The paper Analysis of the Linux Kernel Evolution Using Code Clone Coverage analysed 136 versions of Linux (from 1.0 to 2.6.18.3) and calculated the amount of source code that was shared, going forward, between each pair of these versions. When I saw the heatmap at the end of the paper (see below) I knew it had to appear in my book. The paper was published in 2007 and I knew from experience that the probability of seven year old data still being available was small, but looked so interesting I had to try. I emailed the authors (Simone Livieri, Yoshiki Higo, Makoto Matsushita and Katsuro Inoue) and received a reply from Makoto Matsushita saying that he had searched for the data and had been able to find the original images created for the paper, which he kindly sent me.

Shared code between Linux releases

I was confident that I could reverse engineer the original values from the png image and that is what I have just done (I have previously reverse engineered the points in a pdf plot by interpreting the pdf commands to figure out relative page locations).

The idea I had was to find the x/y coordinates of the edge of the staircase running from top left to bottom right. Those black lines appear to complicate things, but the RGB representation of black follows the same pattern as white, i.e., all three components are equal (0 for black and 1 for white). All I had to do was locate the first pixel containing an RGB value whose three components had at least one different value, which proved to be remarkably easy to do using R’s vector operations.

After reducing duplicate sequences to a single item I now had the x/y coordinates of the colored rectangle for each version pair; extracting an RGB value for each pair of Linux releases was one R statement. Now I needed to map RGB values to the zero to one scale denoting the amount of shared Linux source. The color scale under the heatmap contains the information needed and with some trial and error I isolated a vector of RGB pixels from this scale. Passing the offset of each RGB value on this scale to mapvalues (in the plyr package) converted the extracted RGB values.

The extracted array has 130 rows/columns, which means information on 5 versions has been lost (no history is given for the last version). At the moment I am not too bothered, most of the data has been extracted.

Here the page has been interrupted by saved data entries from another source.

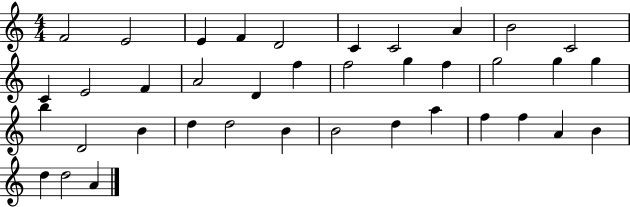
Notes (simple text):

F4/h E4/h E4/q F4/q D4/h C4/q C4/h A4/q B4/h C4/h C4/q E4/h F4/q A4/h D4/q F5/q F5/h G5/q F5/q G5/h G5/q G5/q B5/q D4/h B4/q D5/q D5/h B4/q B4/h D5/q A5/q F5/q F5/q A4/q B4/q D5/q D5/h A4/q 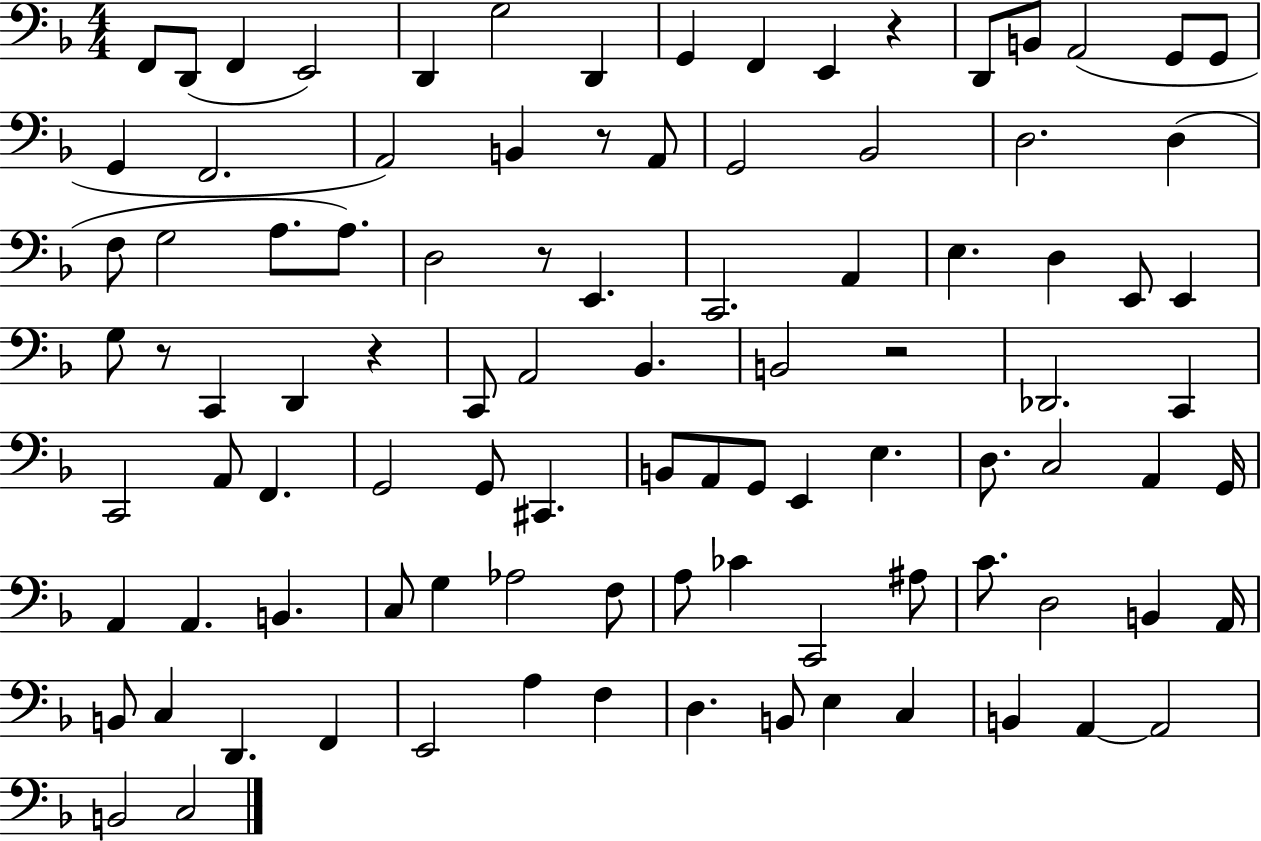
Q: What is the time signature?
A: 4/4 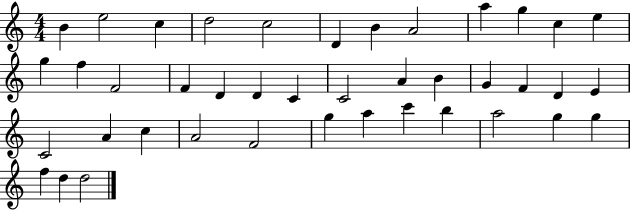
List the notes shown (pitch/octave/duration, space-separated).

B4/q E5/h C5/q D5/h C5/h D4/q B4/q A4/h A5/q G5/q C5/q E5/q G5/q F5/q F4/h F4/q D4/q D4/q C4/q C4/h A4/q B4/q G4/q F4/q D4/q E4/q C4/h A4/q C5/q A4/h F4/h G5/q A5/q C6/q B5/q A5/h G5/q G5/q F5/q D5/q D5/h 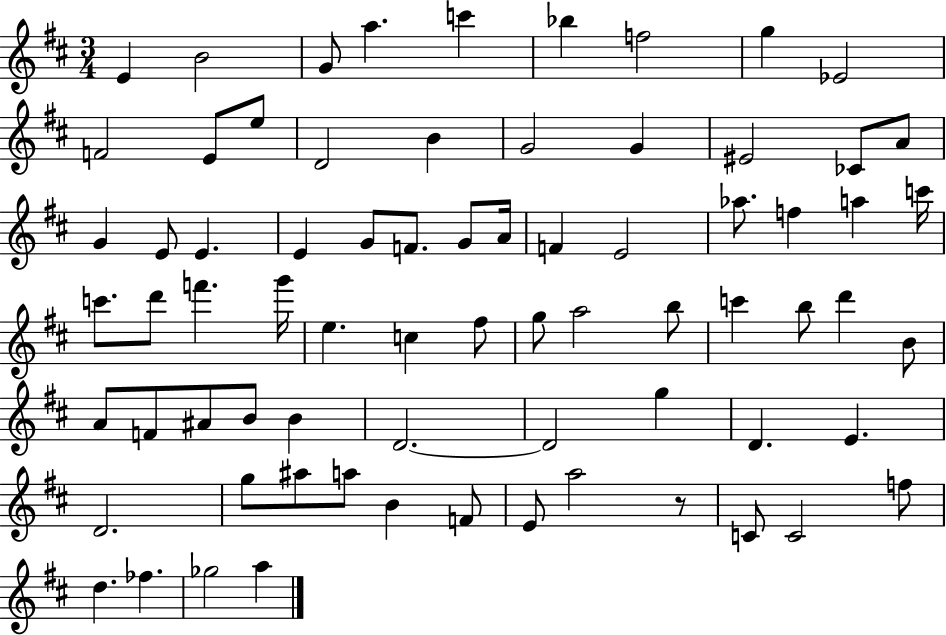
{
  \clef treble
  \numericTimeSignature
  \time 3/4
  \key d \major
  e'4 b'2 | g'8 a''4. c'''4 | bes''4 f''2 | g''4 ees'2 | \break f'2 e'8 e''8 | d'2 b'4 | g'2 g'4 | eis'2 ces'8 a'8 | \break g'4 e'8 e'4. | e'4 g'8 f'8. g'8 a'16 | f'4 e'2 | aes''8. f''4 a''4 c'''16 | \break c'''8. d'''8 f'''4. g'''16 | e''4. c''4 fis''8 | g''8 a''2 b''8 | c'''4 b''8 d'''4 b'8 | \break a'8 f'8 ais'8 b'8 b'4 | d'2.~~ | d'2 g''4 | d'4. e'4. | \break d'2. | g''8 ais''8 a''8 b'4 f'8 | e'8 a''2 r8 | c'8 c'2 f''8 | \break d''4. fes''4. | ges''2 a''4 | \bar "|."
} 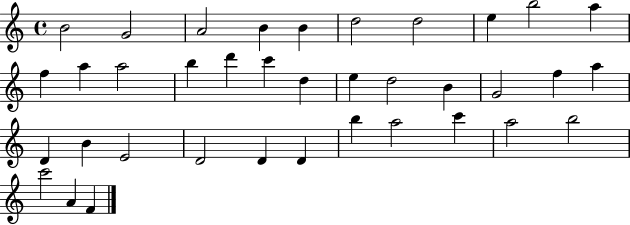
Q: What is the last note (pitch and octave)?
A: F4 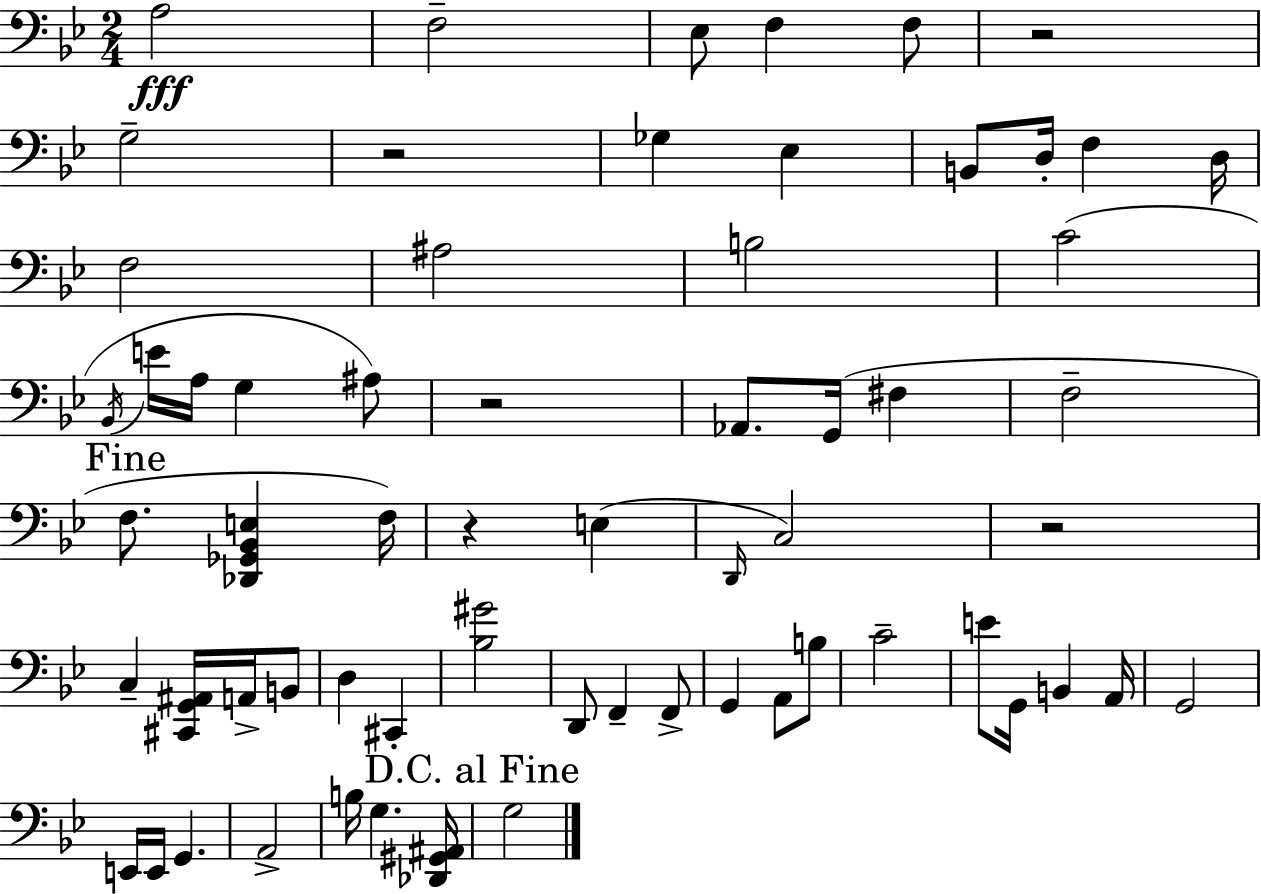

Here is the result of calling the R function readPNG (from the png package) to read the original file, mapping the created array of RGB values to amount of Linux source in each version pair and calling the function image to display this array (I have gone for maximum color impact; the code has no for loops):

Heatmap of extracted data

The original varied the width of the staircase, perhaps by some measure of the amount of source code. I have not done that.

Its suspicious that the letter A is not visible in some form. Its embedded in the original data and I would have expected a couple of hits on that black outline.

The above overview has not bored the reader with my stupidities that occurred along the way.

If you improve the code to handle other heatmap data extraction problems, please share the code.

  1. Meiling
    July 26, 2015 21:22 | #1

    Hi Derek, thank you for sharing your idea and code!
    I noticed that the heat plot has several red and orange mixed blocks on the diagonal which indicate the highly correlated subjects. I’m wondering how did you make this plot. Did you sort the data in advance such that it can put the related subjects together?

  2. July 27, 2015 13:09 | #2

    @Meiling
    The code that extracts the data and prints the image can be downloaded from a link in the article (I did no sorting).